In Gran Bretagna la Chiesa anglicana ha il suo bel da farsi nel gestire i casi di pedofilia e molte ombre arrivano dal passato. Come riporta il Guardian, l’arcivescovo di York, John Sentamu ha ordinato la riapertura di documenti riguardanti tutti i membri del clero (anche deceduti) che hanno servito nella sua diocesi sin dal lontano 1950 ad oggi in modo che un’indagine indipendente possa appurare se ci possano essere stati in passato degli abusi sessuali nei confronti di bambini. Questa decisione arriva cinque settimane dopo le scuse del Sinodo generale della Chiesa anglicana per la sua incapacità nell’ascoltare le vittime degli abusi.
Il capo del personale dell’arcivescovo, il reverendo Malcolm Macnaughton, ha aggiunto che se saranno coinvolti membri del clero ancora in vita saranno segnalati direttamente alla polizia in modo da tutelare i bambini.
Recentemente la Chiesa anglicana è entrata nell’occhio del ciclone a causa di varie accuse nei confronti di Robert Waddington, decano della Cattedrale di Manchester tra il 1984 e il 1990, che è stato accusato di aver abusato sessualmente di bambini in Gran Bretagna ed all’estero: su Waddington (morto nel 2007) John Santamu ha aperto un’inchiesta.
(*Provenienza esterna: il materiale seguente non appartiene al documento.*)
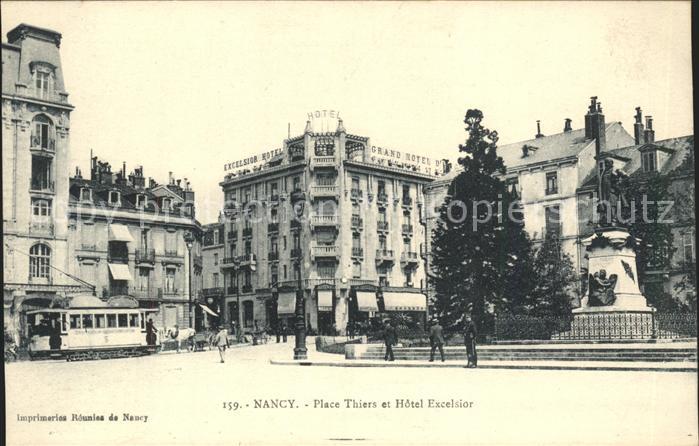 Nancy Lothringen Place Thiers et Hotel Excelsior Monumen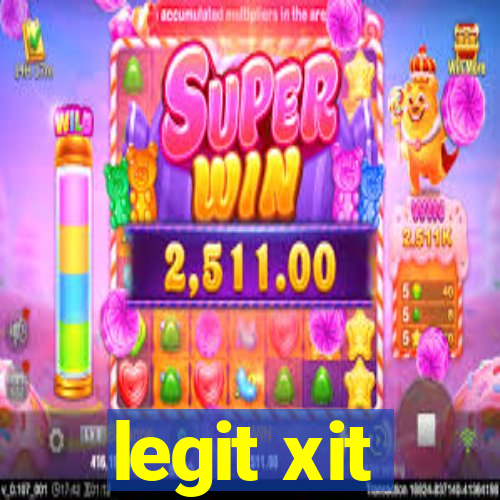 legit xit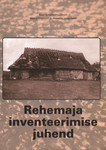 Rehemaja inventeerimise juhend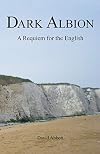 Dark Albion: A Requiem for the English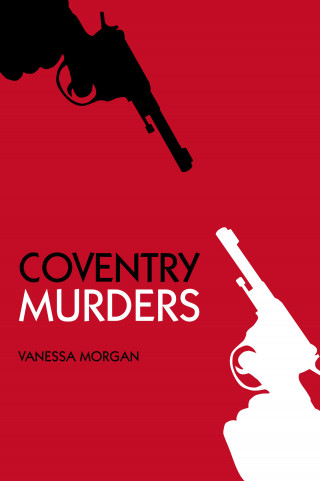 Vanessa Morgan: Coventry Murders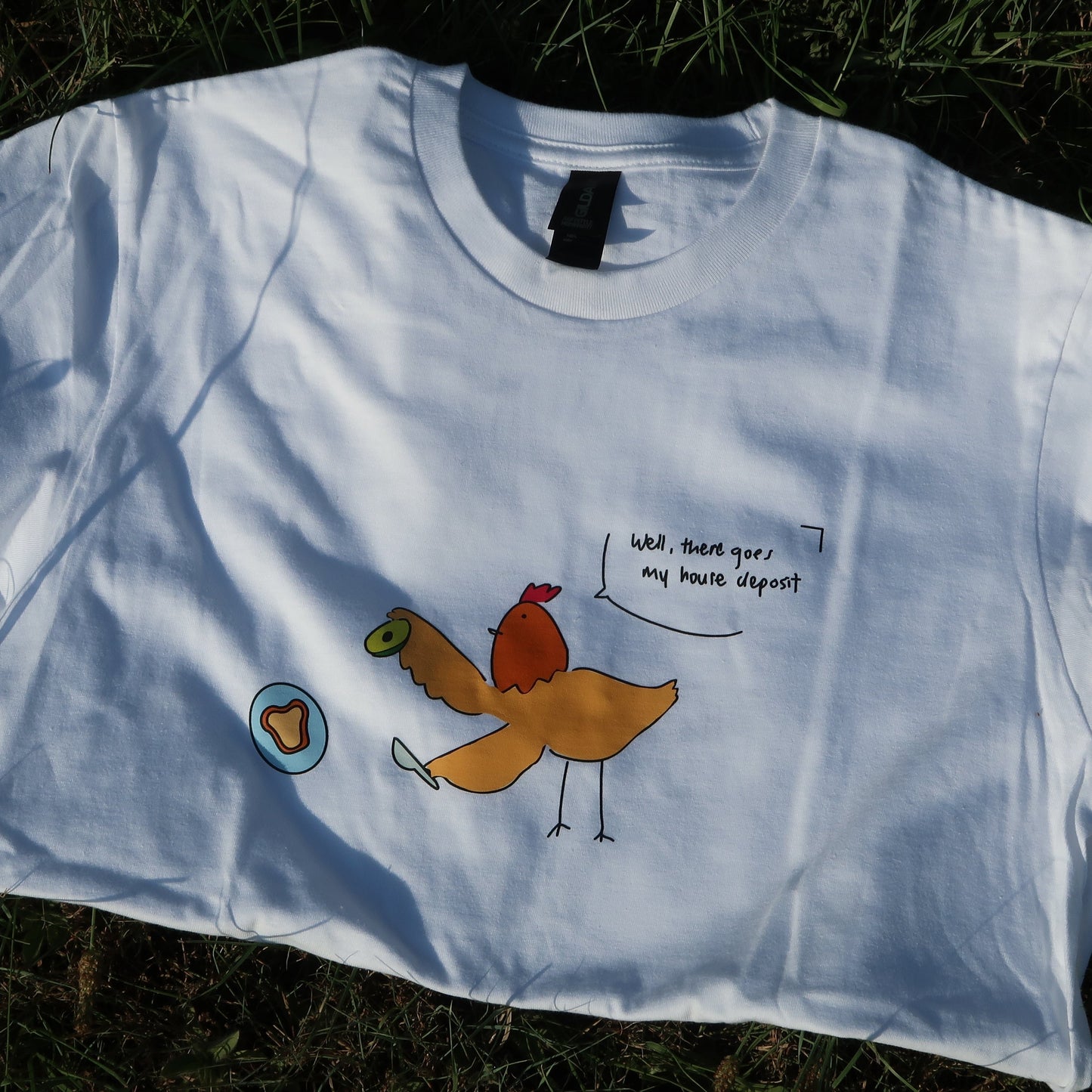 There goes my house deposit t-shirt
I presunti casi di abusi commessi da Waddington hanno coinvolto anche l’allora arcivescovo di York, Lord David Speranza che avrebbe coperto Waddington in un presunto abuso nei confronti di un allievo mentre era preside di una scuola nel Queensland in Australia. Inoltre nel 2003 un ex chierichetto della Cattedrale di Manchester ha sostenuto di essere stato abusato da Waddington nel 1980. David Speranza ha negato le accuse di negligenza affermando di aver sempre rispettato le indicazioni della Chiesa anglicana.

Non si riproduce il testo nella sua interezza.